Zion Pulido

Personal information
- Born: 22 November 2000 (age 25)

Team information
- Discipline: Track
- Role: Rider
- Rider type: Sprinter

Medal record
Men's track cycling
Representing Trinidad and Tobago
Commonwealth Games
| Bronze medal – third place | 2026 Glasgow | Team sprint |
Pan American Championships
| Gold medal – first place | 2022 Lima | Team sprint |
| Silver medal – second place | 2023 San Juan | Team sprint |
| Silver medal – second place | 2021 Lima | Team sprint |
| Bronze medal – third place | 2026 Santiago | Team sprint |

= Zion Pulido =

Trinidadian track cyclist (born 2000)

Zion Pulido (born 22 November 2000) is a Trinidadian track cyclist, who competes in sprinting events.

==Career==
Pulido joined the Trinidad and Tobago sprint team in 2021.
Pulido was a gold medalist in the team sprint at the 2022 Pan American Track Cycling Championships.
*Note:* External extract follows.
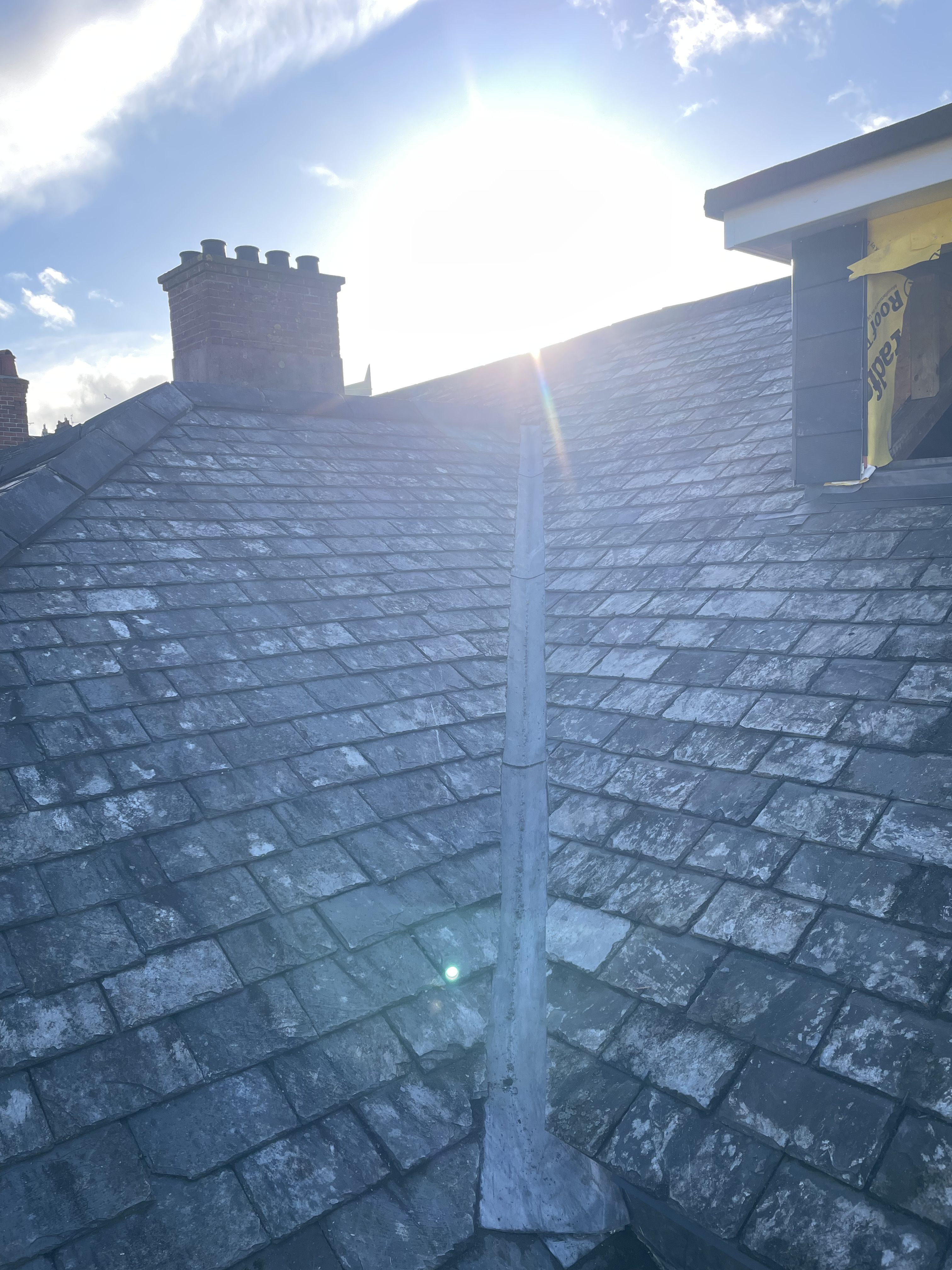 Bespoke lead roll detail on a traditional reclaimed Delabole slate ridge in Totnes, Devon, demonstrating heritage roofing techniques and maritime weatherproofing.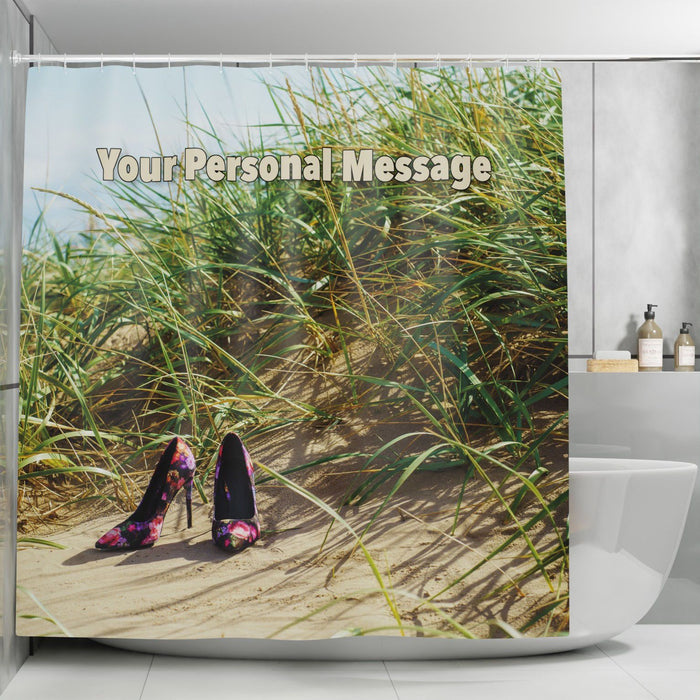 A shower curtain in a bathroom, the shower curtain having an image of a pair of high heel shoes on the sand at a beach near to some grassy sandhills on a sunny day, along with a personal message printed on the curtain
He was also a silver medalist in the team sprint at the 2021 and 2023 Pan American Track Cycling Championships.

Pulido won a bronze medal for Trinidad and Tobago in the team sprint at the 2026 Pan American Track Cycling Championships, defeating Mexico in the bronze medal race. Pulido competed at the 2026 Commonwealth Games in Glasgow, Scotland.